*SUPPLIED RECORDS*:
········

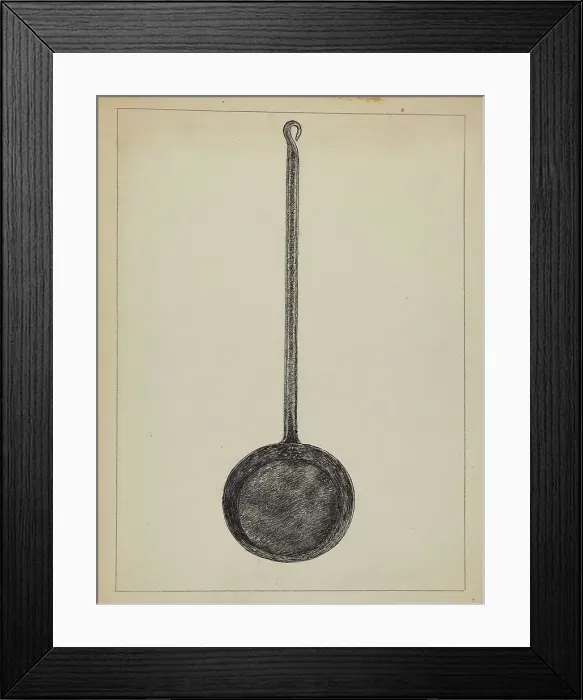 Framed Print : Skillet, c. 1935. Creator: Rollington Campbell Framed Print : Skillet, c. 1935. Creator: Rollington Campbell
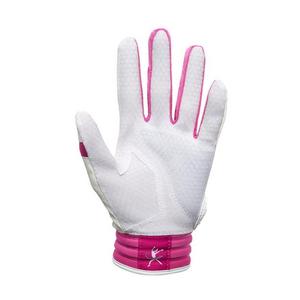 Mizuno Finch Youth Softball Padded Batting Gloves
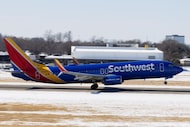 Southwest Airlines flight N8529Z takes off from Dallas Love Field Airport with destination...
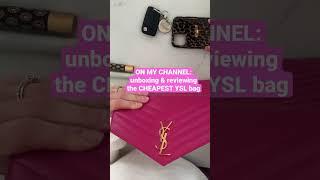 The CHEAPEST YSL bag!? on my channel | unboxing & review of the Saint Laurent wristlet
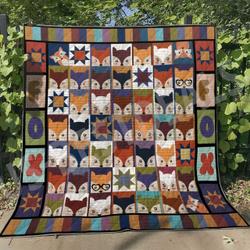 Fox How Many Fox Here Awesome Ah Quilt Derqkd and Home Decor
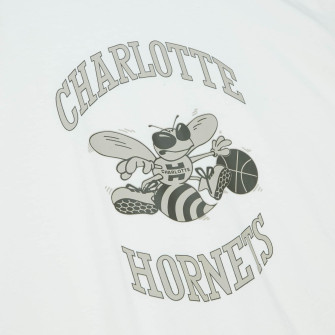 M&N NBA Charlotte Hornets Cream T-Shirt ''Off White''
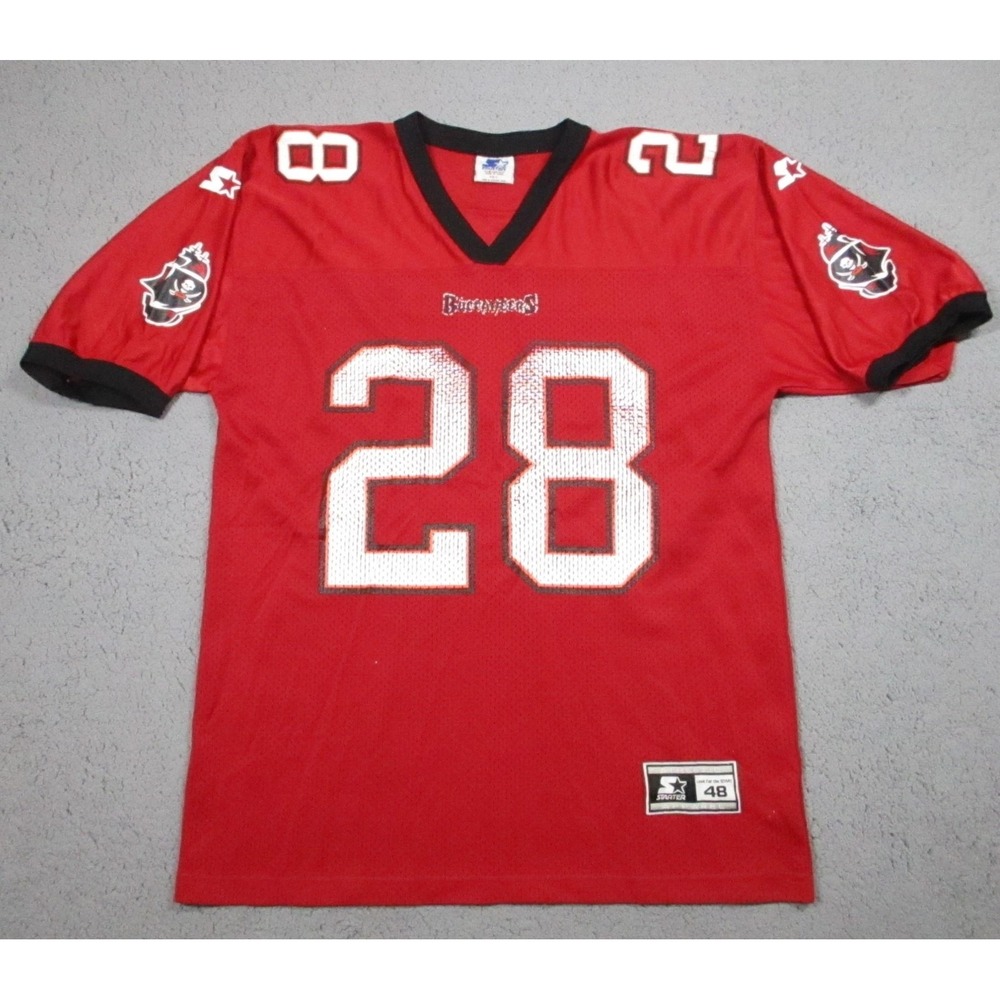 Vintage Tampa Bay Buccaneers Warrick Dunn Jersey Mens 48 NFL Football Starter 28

········

*INSTRUCTIONS TO FOLLOW*: Starting from the line containing "Mizuno Finch Youth", repeat each line exactly through the end of the entries, including the last, while leaving pictures out.

*SOLUTION FOR THIS PROBLEM*:
 Mizuno Finch Youth Softball Padded Batting Gloves
 Southwest Airlines flight N8529Z takes off from Dallas Love Field Airport with destination...
 The CHEAPEST YSL bag!? on my channel | unboxing & review of the Saint Laurent wristlet
 Fox How Many Fox Here Awesome Ah Quilt Derqkd and Home Decor
 M&N NBA Charlotte Hornets Cream T-Shirt ''Off White''
 Vintage Tampa Bay Buccaneers Warrick Dunn Jersey Mens 48 NFL Football Starter 28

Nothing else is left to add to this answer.